Im Kalenderjahr 2018 stehen den Ländern und ihren Aufgabenträgern somit knapp 8,5 Milliarden Euro zur Verfügung, im Jahr 2022 werden es erstmals mehr als neun Milliarden Euro sein. Dazu kommen die Fahrgelderträge, die ebenfalls steigen und zur Refinanzierung der Leistungen beitragen. Kurzum: Der Regionalverkehr ist ein umfassender Erfolg: Mehr Wettbewerb, mehr Angebot, mehr Leistungen, mehr Qualität. Kurzum: Die Eisenbahn hat das Zeug, wieder zu einem ernsthaften Verkehrsträger zu werden, was sie bei der alten Behördenbahn nicht war.
Das ist für den Verband Anlass, das Erfolgsmodell auch auf den SPFV auszuweiten. Dieser wird bislang eigenwirtschaftlich von der DB Fernverkehr AG oder anderen Akteuren betrieben, wobei die DB AG hier einen Marktanteil von fast hundert Prozent hat. Mofair nennt hier drei Punkte: Zum einen legt Art. 87e des Grundgesetzes bereits heute fest, dass der Bund für den Fernverkehr auf der Schiene zuständig ist. Nach dieser Regelung ist der Bund auch verpflichtet, ein entsprechendes Gesetz zu erlassen, das diese Zuständigkeit konkret ausfüllt.

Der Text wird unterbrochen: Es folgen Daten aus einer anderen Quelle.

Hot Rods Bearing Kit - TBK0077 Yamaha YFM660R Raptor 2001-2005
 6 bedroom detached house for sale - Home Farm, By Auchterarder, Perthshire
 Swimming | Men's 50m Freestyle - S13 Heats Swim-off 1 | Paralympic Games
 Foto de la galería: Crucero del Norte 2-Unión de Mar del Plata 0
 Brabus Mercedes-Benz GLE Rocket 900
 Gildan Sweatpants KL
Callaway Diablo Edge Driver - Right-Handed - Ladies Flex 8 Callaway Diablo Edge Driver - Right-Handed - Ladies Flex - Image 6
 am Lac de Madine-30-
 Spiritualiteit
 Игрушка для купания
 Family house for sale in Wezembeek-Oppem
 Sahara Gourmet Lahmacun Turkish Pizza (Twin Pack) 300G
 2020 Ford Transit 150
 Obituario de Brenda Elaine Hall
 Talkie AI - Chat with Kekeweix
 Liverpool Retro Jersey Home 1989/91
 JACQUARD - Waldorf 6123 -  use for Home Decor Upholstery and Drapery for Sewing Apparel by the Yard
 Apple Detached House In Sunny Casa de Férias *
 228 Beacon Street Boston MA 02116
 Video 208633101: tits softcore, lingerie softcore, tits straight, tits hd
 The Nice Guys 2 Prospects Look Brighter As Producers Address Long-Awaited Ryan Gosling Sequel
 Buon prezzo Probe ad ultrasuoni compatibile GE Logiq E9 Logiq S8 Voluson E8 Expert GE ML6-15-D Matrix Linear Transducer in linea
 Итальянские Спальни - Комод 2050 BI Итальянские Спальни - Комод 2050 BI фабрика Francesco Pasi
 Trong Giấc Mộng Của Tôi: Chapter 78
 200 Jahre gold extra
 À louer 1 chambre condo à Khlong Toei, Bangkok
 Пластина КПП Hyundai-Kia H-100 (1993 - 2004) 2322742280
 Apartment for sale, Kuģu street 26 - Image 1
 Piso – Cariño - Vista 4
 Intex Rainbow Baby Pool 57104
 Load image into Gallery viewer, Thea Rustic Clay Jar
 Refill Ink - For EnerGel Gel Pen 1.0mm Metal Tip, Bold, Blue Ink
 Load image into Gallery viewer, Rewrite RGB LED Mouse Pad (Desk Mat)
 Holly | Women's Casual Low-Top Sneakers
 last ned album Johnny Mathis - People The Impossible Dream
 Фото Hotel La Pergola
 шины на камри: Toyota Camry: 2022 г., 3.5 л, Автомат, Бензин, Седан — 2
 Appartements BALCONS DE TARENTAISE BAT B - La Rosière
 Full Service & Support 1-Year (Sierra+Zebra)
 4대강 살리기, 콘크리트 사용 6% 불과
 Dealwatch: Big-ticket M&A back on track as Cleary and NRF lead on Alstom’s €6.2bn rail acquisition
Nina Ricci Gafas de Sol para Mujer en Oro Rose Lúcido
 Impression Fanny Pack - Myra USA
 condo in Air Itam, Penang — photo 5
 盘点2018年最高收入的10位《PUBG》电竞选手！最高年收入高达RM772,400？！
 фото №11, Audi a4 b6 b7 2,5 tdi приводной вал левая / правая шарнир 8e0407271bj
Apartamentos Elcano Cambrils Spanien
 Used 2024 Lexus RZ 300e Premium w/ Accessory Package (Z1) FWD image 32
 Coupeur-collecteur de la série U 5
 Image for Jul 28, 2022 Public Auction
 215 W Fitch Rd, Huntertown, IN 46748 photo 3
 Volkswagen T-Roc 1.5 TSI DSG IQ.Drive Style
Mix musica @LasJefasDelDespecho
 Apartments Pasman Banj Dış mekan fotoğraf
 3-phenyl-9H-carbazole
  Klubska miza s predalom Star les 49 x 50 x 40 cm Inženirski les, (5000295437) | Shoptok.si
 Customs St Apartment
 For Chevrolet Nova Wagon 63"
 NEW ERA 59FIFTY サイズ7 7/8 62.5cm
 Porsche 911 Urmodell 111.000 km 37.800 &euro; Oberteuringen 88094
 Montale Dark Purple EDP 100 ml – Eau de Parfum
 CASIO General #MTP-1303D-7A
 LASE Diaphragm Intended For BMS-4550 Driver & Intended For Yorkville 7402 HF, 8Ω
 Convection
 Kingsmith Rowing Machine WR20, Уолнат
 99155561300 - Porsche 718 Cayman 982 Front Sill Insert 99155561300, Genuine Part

Obwohl der Bundesrat 2009 und 2017 jeweils ein solches Gesetz verabschiedet hat, ist keines der beiden jemals im Bundestag debattiert worden. Doch bei Mofair ist man optimistisch: Der parteiübergreifende Wille, mehr Städte an den SPFV anzuschließen ist ebenso vorhanden wie das neuerliche Bekenntnis zum Deutschlandtakt. Diesen umzusetzen könnte sich die Koalition zum Ziel setzen. Am Ende würden dann Wettbewerbsvergaben wie im Regionalverkehr stehen – und das Primat der Politik gälte auch im SPFV.